Records contained in a dataset:
<<<<

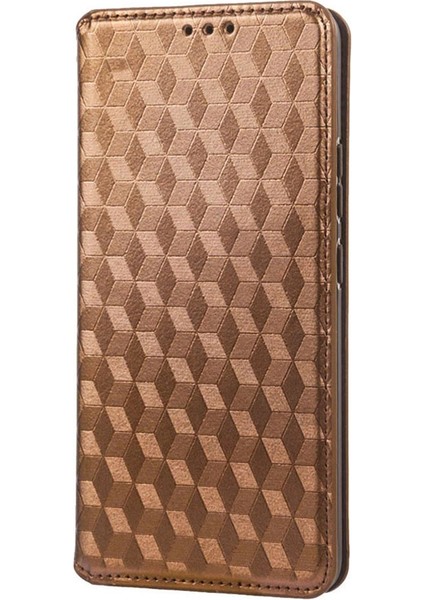 Xiaomi Için Anti-Fall Cep Telefonu Kapağı Redmi A1+ 4g/a2+ 4g/poco C50 4g Rhombus Desen Basılı Pu Deri Foli Folio Telefon Kılıf Cüzdan Stand-Brown (Yurt Dışından) indirimleri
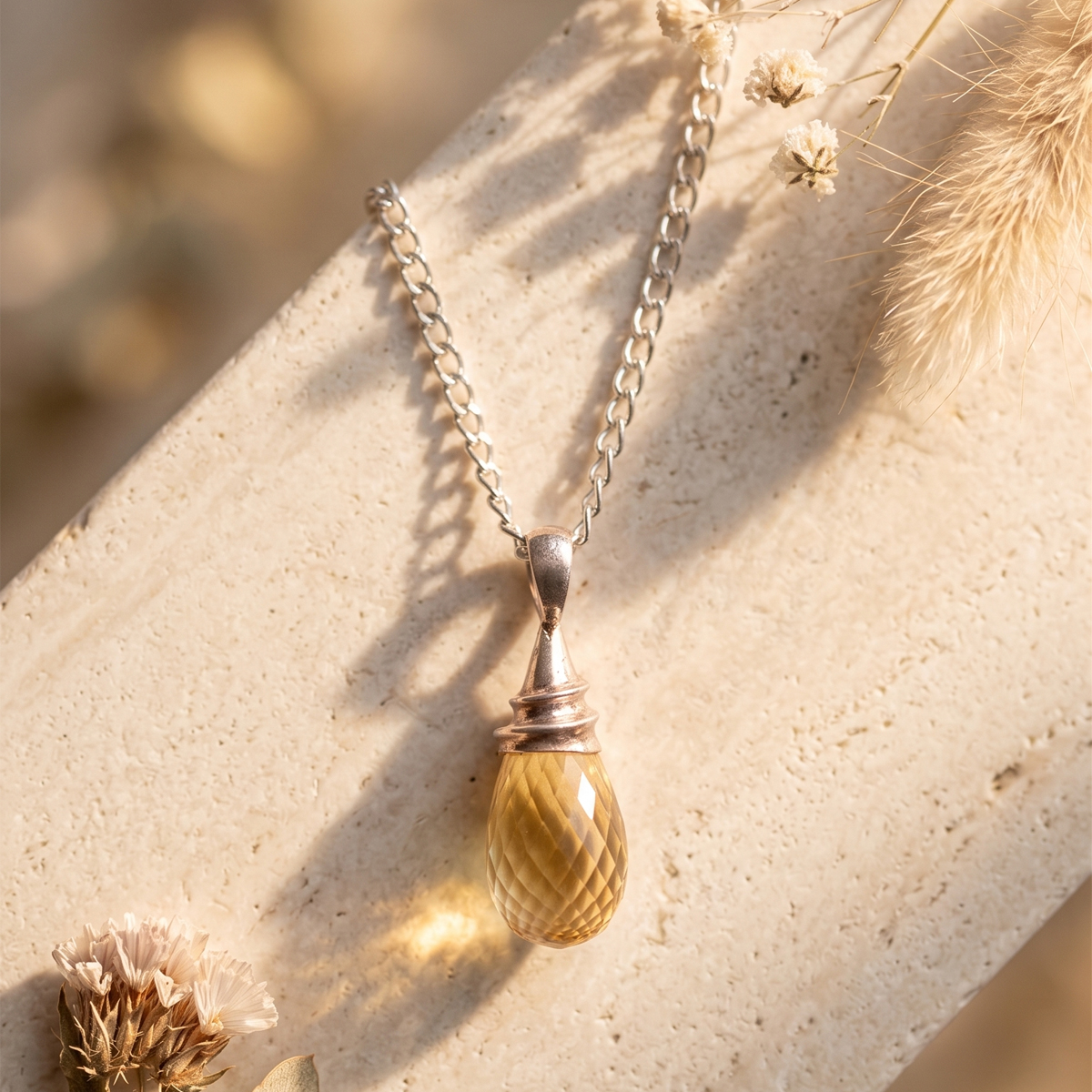 Citrine Tear Drop Faceted Silver Pendant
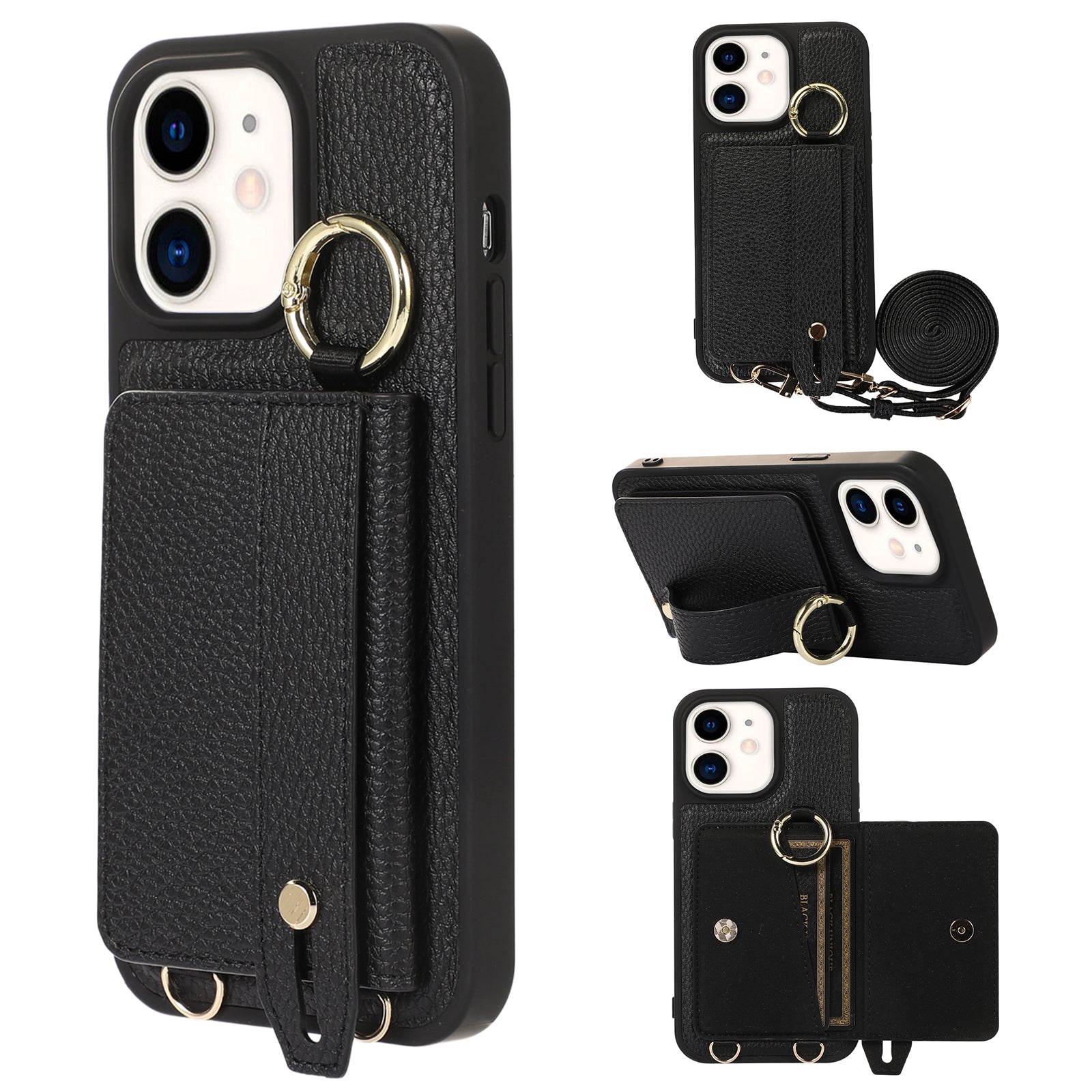 Fall-proof Cover for iPhone 11 6.1 inch Card Holder Hand Strap Leather+TPU Phone Kickstand Case with Shoulder Strap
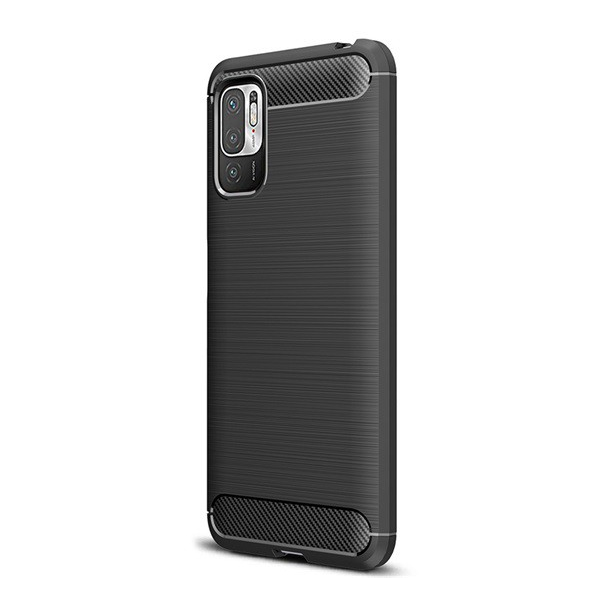 Szilikon telefonvédő (közepesen ütésálló, légpárnás sarok, szálcsiszolt, karbon minta) FEKETE [Xiaomi Redmi Note 10 5G (Poco M3 Pro 5G)]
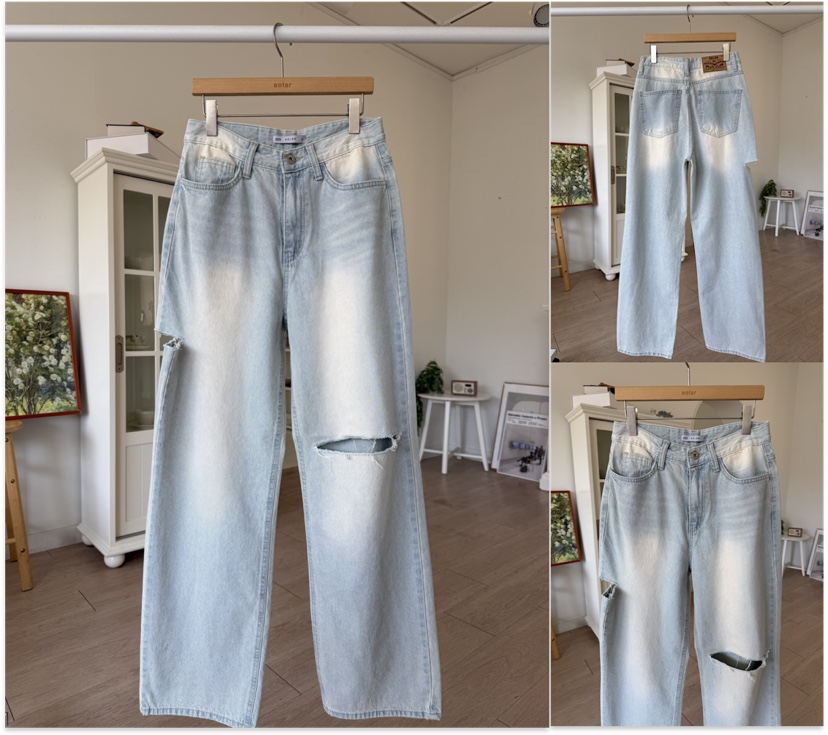 SOLAR韓國直郵實拍女士新品職業休閑人氣推薦熱賣牛仔褲復古SOLAR牛仔褲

>>>>

_About this exercise:_ Should the entries hold any pictures, please omit those and print the remaining text exactly.

_Answer area:_
 Xiaomi Için Anti-Fall Cep Telefonu Kapağı Redmi A1+ 4g/a2+ 4g/poco C50 4g Rhombus Desen Basılı Pu Deri Foli Folio Telefon Kılıf Cüzdan Stand-Brown (Yurt Dışından) indirimleri
 Citrine Tear Drop Faceted Silver Pendant
 Fall-proof Cover for iPhone 11 6.1 inch Card Holder Hand Strap Leather+TPU Phone Kickstand Case with Shoulder Strap
 Szilikon telefonvédő (közepesen ütésálló, légpárnás sarok, szálcsiszolt, karbon minta) FEKETE [Xiaomi Redmi Note 10 5G (Poco M3 Pro 5G)]
 SOLAR韓國直郵實拍女士新品職業休閑人氣推薦熱賣牛仔褲復古SOLAR牛仔褲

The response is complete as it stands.